The founders agree that they will never make the same mistake again. Now well-known, they start new businesses, attempting to get back that feeling of being a start-up. The problem, they recognise early, is that there is no urgency. Their businesses have plenty of money, and whatever they need is readily available, in the form of employees, marketing budgets, advisors and industry experts. They look longingly at start-ups that are seen to be under-resourced, but are still fighting with multinational corporations, and are innovating, creating and winning some battles.

The founders learn that the critical element of genuine innovation is necessity. Having less than is seen to be required, forces entrepreneurs to think, fight and go on the offensive; something they are more than prepared to do, due to a lack of reputation. They have nothing to lose. A plan to grow the business, turned into letting it take on a life of it’s own.

The founders realised that they had their chance and traded in their passion for money. They sold a part of themselves, not only the business, but their own identity as thinkers, fighters and innovators. They have become another success story, and too late they learned that success is dictated by others, and is a circumstance they cannot repair.

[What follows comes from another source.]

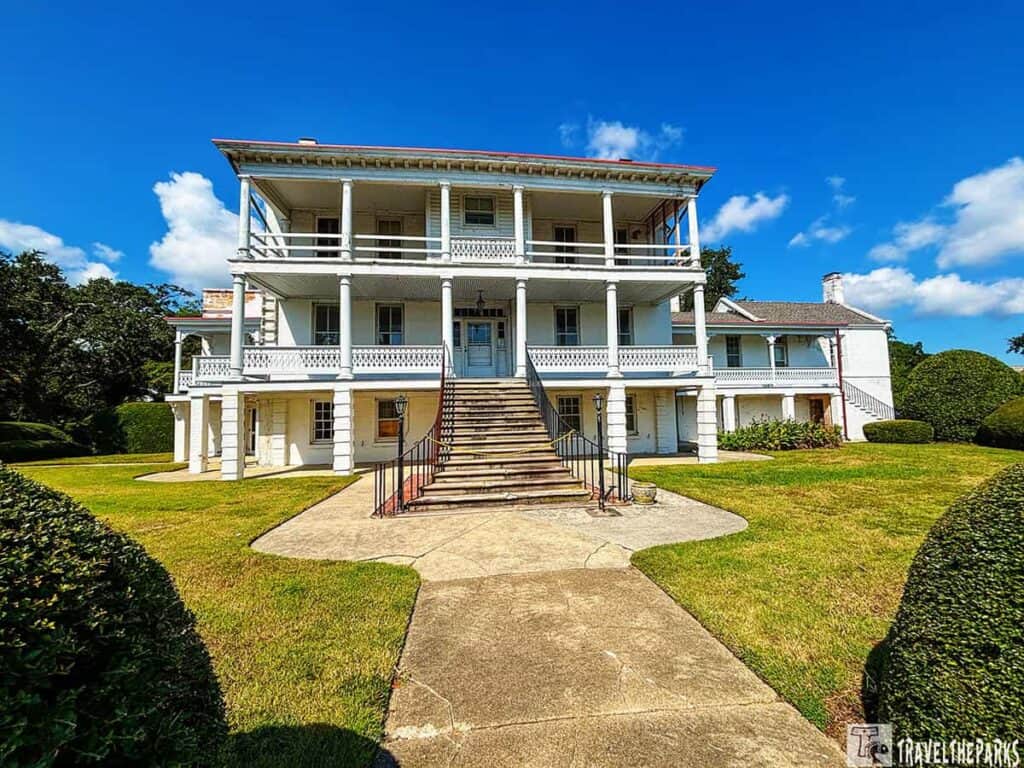 Historic white three-story building with porches and columns, wide staircase, and surrounding greenery under a blue sky.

Ten years later they meet up again, and this time or have a clear understanding as to where things went wrong, and what they should have done.

“I always thought of growth and aggressive business practice as a short-term necessity,” says one. “If I stopped and thought about that at the time, I would have understood that we only have a short amount of time on earth, and having fun, thinking, and coming up with new ideas is what I love doing. We should have just kept doing that, and ignored the investors, managers and experts.

“We were told what we should want, and that’s what we went after,” says another.

All agree that their children will learn from their mistakes.

“My kids are going to understand the importance of doing something you love, not just cashing out in order to do what you want; because when you think about it, you already are,” says the former head of finance. “Grow the business, then forgive it for not being perfect. That’s what we should have done.”

All agree it was fun while it lasted, and to teach the kids that listening to your own instincts, even at the expense of an expert’s opinion, is the most important thing a genuine innovator could ever do.